My sister was talking to me the other day and told me something that got me thinking.
Now before I continue, I need to tell you, I had wondered about my father for a while. My father just seems different. He just has this social awkwardness to him. My parents marriage seemed "nice" but not much more.
Now, my sister was telling me about a conversation she had with my dad when he started reminiscing. He started talking about how he and his buddy would go out to the local bars. Then he started telling her about how he and his buddy were drinking and started dancing together at one of the bars.
My sister said there was a light in his eyes she had not seen in a long time as he talked about the dance. She also said he just had this giggle in his voice as he told the story.
For some years now, I had wondered if my parents' marriage was one that the ex-gay people would have approved. I had wondered if my dad denied his feelings and did what he was "supposed" to do. Now hearing this story, I continue to wonder.
If my dad is gay, it doesn't matter to me. It does make me sad, though. As long as I have known my dad, he seemed to be a husk. He would sit and stare. When we asked if he was ok, he would say he was fine. I now see that for most of my life, dad was depressed. I, too, take antidepressants, as does my sister. But I have to wonder if the depression was more than just chemical. Was my dad repressing his true feelings? Did he want to be spending his time dancing with his buddy instead of being at home raising a family?
Granted, I am here because of his choices, but, if my feelings are right, how sad for my dad and my mom. How sad to have to deny the feelings my dad was feeling. And how sad for my mom knowing she was only getting part of the man she married. I don't know if she ever had an inkling, but I do know the marriage was not a hotbed of passion.
When I hear about all the ex-gay movement pushing to banish those "dirty" feelings and go out and find a wife/husband, I have to wonder how many "nice," and not so nice, marriages they are creating. How many dads will be thinking back to that one dangerous dance all those years ago and suddenly light up and begin to giggle? How many moms will have to go though life feeling, if not knowing, they are only getting a part of the man they married?

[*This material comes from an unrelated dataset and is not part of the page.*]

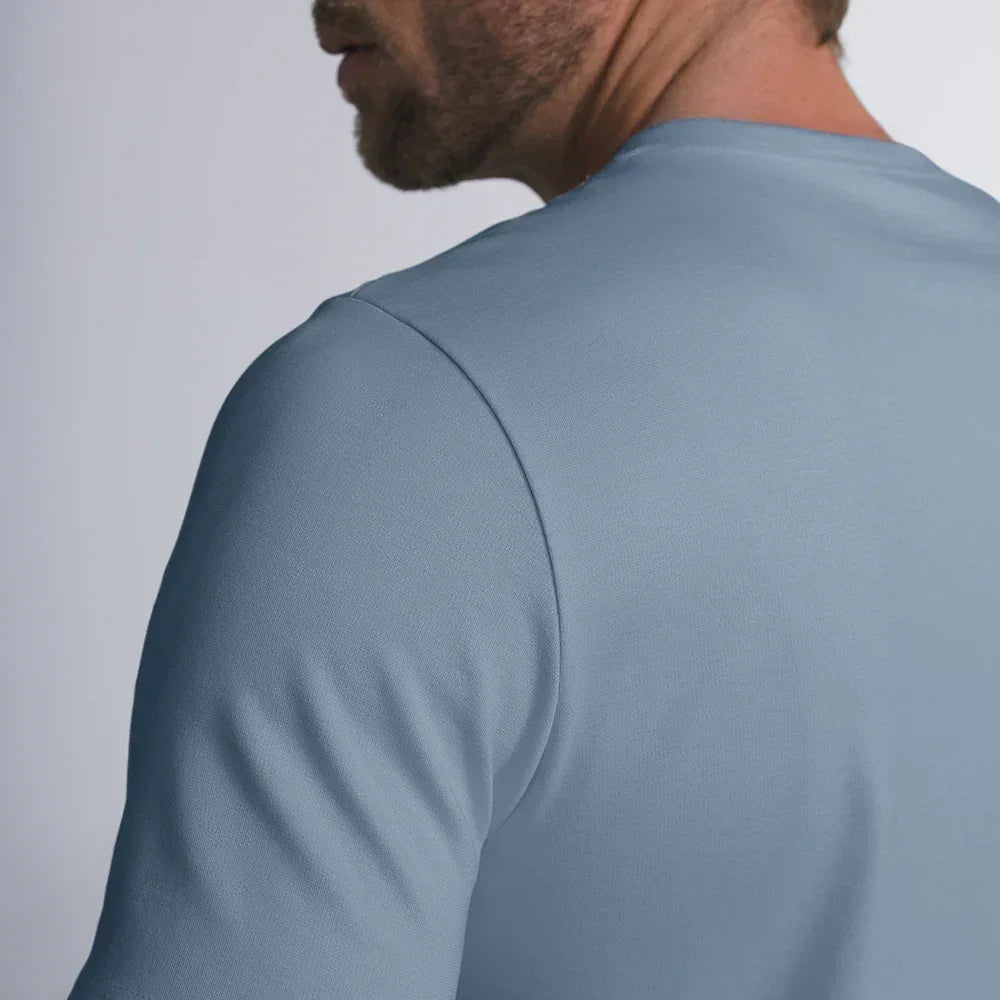 Camiseta Premium Encorpada Core T-Shirt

I love my parents, and I hope my feelings are wrong. But if I am right, I feel so bad that they had to spend their lives pretending.
Benton, this, for good or ill, is my story. I wonder if one of my sons will think or even write your words about me someday.
Our choices were not as open - especially if we lived in small towns. From the perspective of the present day, those choices may appear to be cowardly or dishonest. Our decisions may have been tortured, but I assure you that we did what we thought was right.
I love the grace with which you wrote. That's the heERT OF YOUR FAITH.
that was (again) lovely
There's a whole generation of that sort of story. Some of them with 'gay lib' got out; others stayed where they are.
I am glad the next generations are not as prone to marry but be themsleves (conservativs and Mormon gays aside)
Your post brought tears to my eyes. Ters for Dad, for Mom, for you kids who only got part of a Dad, terars for the masses of marriages of convenience, tears for that long remembered and longed for dance. When will this society wake up and smell the rainbow? You write with such power; keep those thoughts and feelings coming and do not allow them to get bottled up and packed away to be regretted in the later years of life. You are loved.